Microphone arrays other than a SoundField microphone may be used in
further embodiments. FIG. 1 also shows a computing device 104
coupled to both the capture device 100 and microphone array 102.
Further details of an exemplary embodiment of computing device 104
are described below with reference to FIG. 12.
[0028] Reproduction of the B-format sound signals may be done using
two or more loudspeakers, depending in part upon the required
reproduction (2D or 3D). It is understood that more than two
loudspeakers may be used in further embodiments. In one further
embodiment, there may be 4 loudspeakers, and in a further
embodiment, there may be 8 loudspeakers.
[0029] FIG. 2 is a top view illustration of a playback system
according to embodiments of the present system. FIG. 2 shows a
system 106 including a computing device 108, four loudspeakers 110,
and a controller 112. All components are shown schematically. The
controller 112 shown is a hand-held controller held by a user 114.
However, in further embodiments, the controller may be head-mounted
on the user 114. The user is viewing panoramic images on a display
118. In the description that follows, a reference space is defined
where the z-axis is aligned vertically (perpendicular to the force
of gravity), the y-axis is defined perpendicular to the z-axis and
the display 118, and the x-axis is perpendicular to the z-axis and
the y-axis.
[0030] In operation, the user may manipulate the controller 112 by
tilting it about x, y and/or z axes to control the panoramic images
displayed on display 118. As one example, where the display 118 is
perpendicular to the y-axis, the user may tilt the controller about
the z-axis (along arrow A-A in FIG. 3) by a positive angle to
affect clockwise rotation of the displayed image; that is, causing
images of the panorama to move on the display from left to right. A
tilt of the controller about a negative angle about the z-axis
causes a counterclockwise rotation of the displayed image from
right to left. Movement of the controller about other axes may
affect movement of the image on the display 118 in corresponding
ways about those axes.
[0031] The controller 112 may be a known device, including for
example a 3-axis accelerometer and/or other sensors for sensing
movement of the controller. The controller 112 may communicate with
the computing device 108 via wireless communication protocols, such
as for example Bluetooth. It is understood that the controller 112
may operate by other mechanisms to affect movement of the image in
further embodiments.
[0032] Sounds recorded in ambisonic B-format using microphone array
102 of FIG. 1 may conceptually be placed either on the surface of a
unit sphere, or within the sphere. The sound source coordinates
obey the following rule:
(x.sup.2+y.sup.2+z.sup.2)<=1,
where x is the distance along the X, or left-right axis; y is the
distance along the Y, or front-back axis; and z is the distance
along the Z or up-down axis.
[0033] When a monophonic signal is positioned on the surface of the
sphere, its coordinates x, y and z are given by:
[0034] x=(sin A)(cos B),
[0035] y=(cos A)(cos B), and
[0036] z=sin B,
referenced to the center front position of the sphere, where A is
the horizontal angle subtended at the listening position, and B is
the vertical angle subtended at the listening position.
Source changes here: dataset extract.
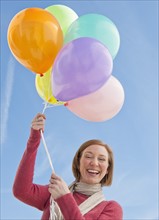 Woman holding bunch of balloons.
[0037] These coordinates may be used as multipliers to produce the
B-format output signals X, Y, Z and W as follows:
[0038] X=(input signal)(sin A)(cos B),
[0039] Y=(input signal)(cos A)(cos B),
[0040] Z=(input signal)(sin B), and
[0041] W=(input signal)(0.707).
The 0.707 multiplier on W is equal to the sin 45.degree., and gives
a more even distribution of signal levels within the four channels.
These multiplying coefficients can be used to position monophonic
sounds anywhere on the surface of the sound field.
[0042] While embodiments of the present system described above and
hereafter use ambisonic recording and playback of audio data, it is
understood that other sound recording and playback systems may be
used. For example, the present technology may be adapted to operate
with other formats such as Stereo Quadraphonic, Quadraphonic Sound,
CD-4, Dolby MP, Dolby surround AC-3 and other surround sound
technologies, Dolby Pro-logic, Lucas Film THX, etc. A further
discussion of the capture and playback of sound spatialization
fields, by ambisonic and other theories, is provided in the
following publications, each of which is incorporated by reference
herein in its entirety: [0043] Bamford, J. & Vanderkooy, J.,
"Ambisonic Sound For Us," Preprint from 99th AES Convention, Audio
Engineering Society (Preprint No 4138) (October, 1995); [0044]
Begault, D., "Challenges to the Successful Implementation of 3-D
Sound," Journal of the Audio Engineering Society, Vol. 39, No 11,
pp 864-870 (1991); [0045] Gerzon, M., "Optimum Reproduction
Matrices For Multi-Speaker Stereo," Journal of the Audio
Engineering Society, Vol. 40, No 7/8, pp 571-589 (1992); [0046]
Gerzon, M., "Surround Sound Psychoacoustics," Wireless World
December, Vol. 80, pp 483-485 (1974); [0047] Malham, D. G.,
"Computer Control of Ambisonic Soundfields," Preprint from
82.sup.nd AES Convention, Audio Engineering Society (Preprint No
2463) (March, 1987); [0048] Malham, D. G. & Clarke, J.,
"Control Software for a Programmable Soundfield Controller,"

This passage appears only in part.